# GPX to TPX



## screamingbunny (Mar 24, 2004)

Santa brought me a brand new DeLorme PN-40 to replace my 4 year old etrex, santa now gets an etrex for her bike..well back to what I'm asking, the PN-40 comes with topo USA for it's software anyone know how to load garmin files into topo so I can load my old tracks onto the new GPS? thanx


----------



## bear (Feb 3, 2004)

see if gpsbabel will do a conversion for you.

you may want to save all your tracks in GPX files, that may be importable too.


----------



## screamingbunny (Mar 24, 2004)

*got it*

a little more complicated than with Map Source but I've got it sorted now

thanx


----------



## GEOMAN (May 30, 2006)

screamingbunny said:


> a little more complicated than with Map Source but I've got it sorted now
> 
> thanx


Do tell!

It will help others if you give us a rundown of the process you used.

Thanks!


----------



## slocaus (Jul 21, 2005)

GEOMAN said:


> Do tell!
> 
> It will help others if you give us a rundown of the process you used.
> 
> Thanks!


GPSBabel link will convert almost any GPS file format to almost any other format.
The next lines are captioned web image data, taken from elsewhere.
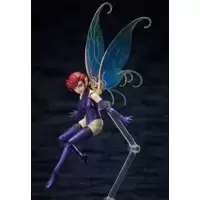Pixie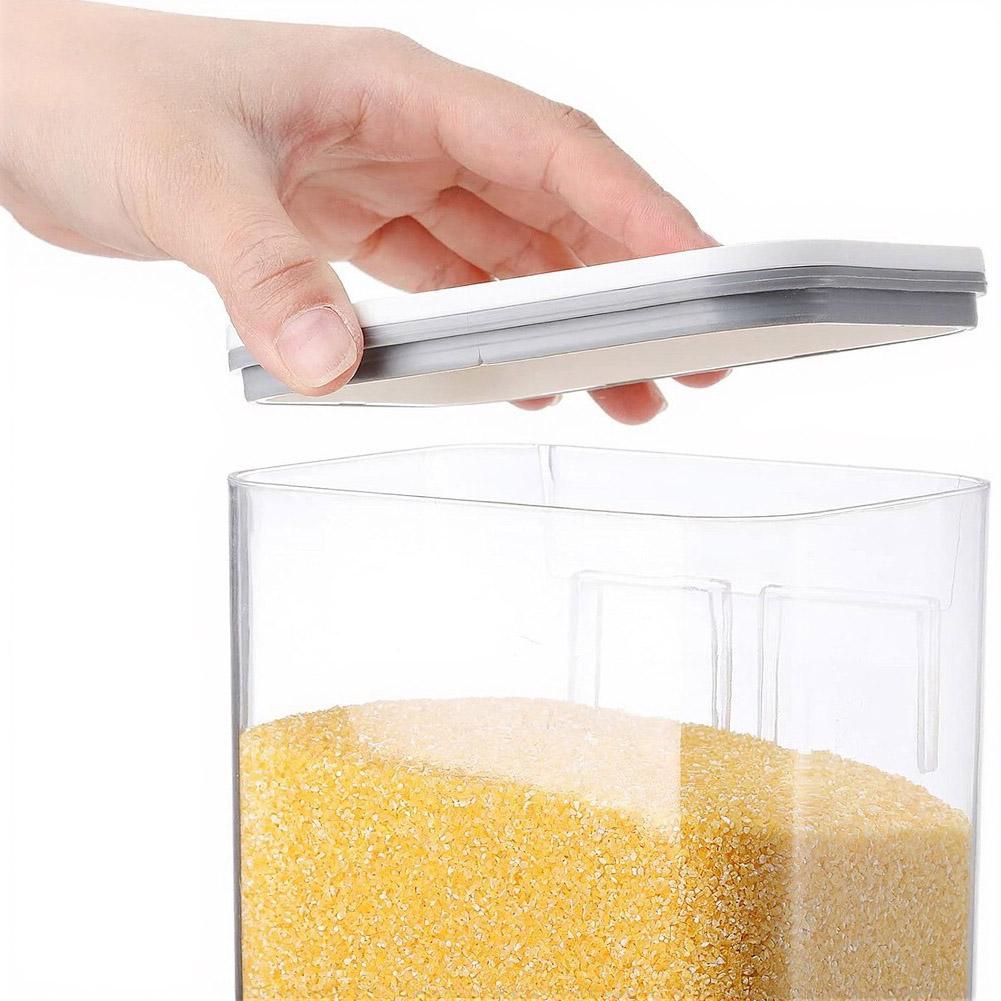 موزع حبيبات الغسيل المثبت على  - مراجعة Scent Booster Bead وسعره
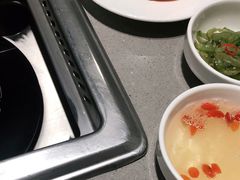 -海底捞火锅(方塔东街店)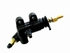 S1613 by AMS CLUTCH SETS - Clutch Slave Cylinder - for Toyota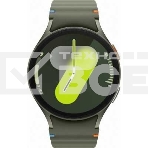 Смарт-часы Samsung Galaxy Watch7 44mm SM-L310 зеленый arabic, фото6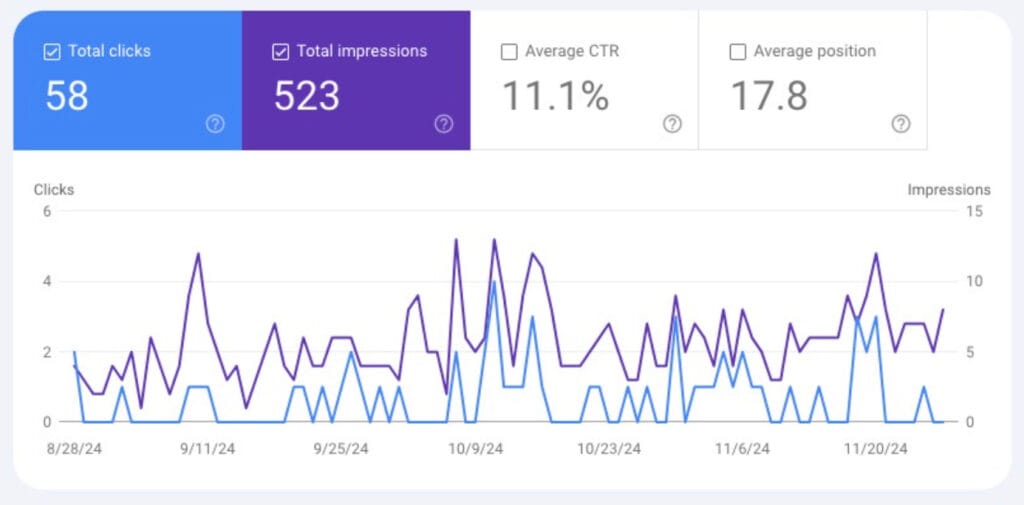 Screenshot 2025 06 14 at 9.40.17 PM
It is the super Swiss army knife for getting any GPS file into any map software or other brand GPS. :thumbsup:


----------



## gps_dr (Feb 27, 2007)

Like most GPS software packages,
DeLorme Topo USA reads/writes gpx files.
There are links on http://forums.delorme.com postings that provide a lot of help.
You can use symbol files to match waypoint icons to those on the Garmin 60/76 series or you can change them to match the native PN40 symbol set.

Two symbol sets can be found here: http://geobiking.org/Documents/GarminSymbols.zip
Extract to the Symbols directory under the DeLorme Docs folder and select when loading waypoints.

The tracks import w/o hassles.
With the software you can also copy the tracks to "draw layers".
Since the PN40 only displays one track on screen at a time, this feature allows you to incorporate the tracks into the maps on the unit. The data is layered over the map you are using, regardless of it being a vector map, USGS quad raster data or aerial imagery. Of course you can toggle this data on/off. It allows me to easily display the equivalent of 120 tracks that cover over 1200 miles of bike trails.
The waypoints can also be copied to a draw layer, allowing you to mark thousands of points.

I've been using the PN20 since alpha testing and the PN40 since beta testing began.
My Garmin 76CSx occupies the other side of my handlebars.


----------



## screamingbunny (Mar 24, 2004)

*yep*

like GPS dr said, save your Map Source track as GPX, open Topo USA 7.0, select "draw", select "file", select "import", select your GPX file. BAM, Bobs your uncle and its in there.:thumbsup:


----------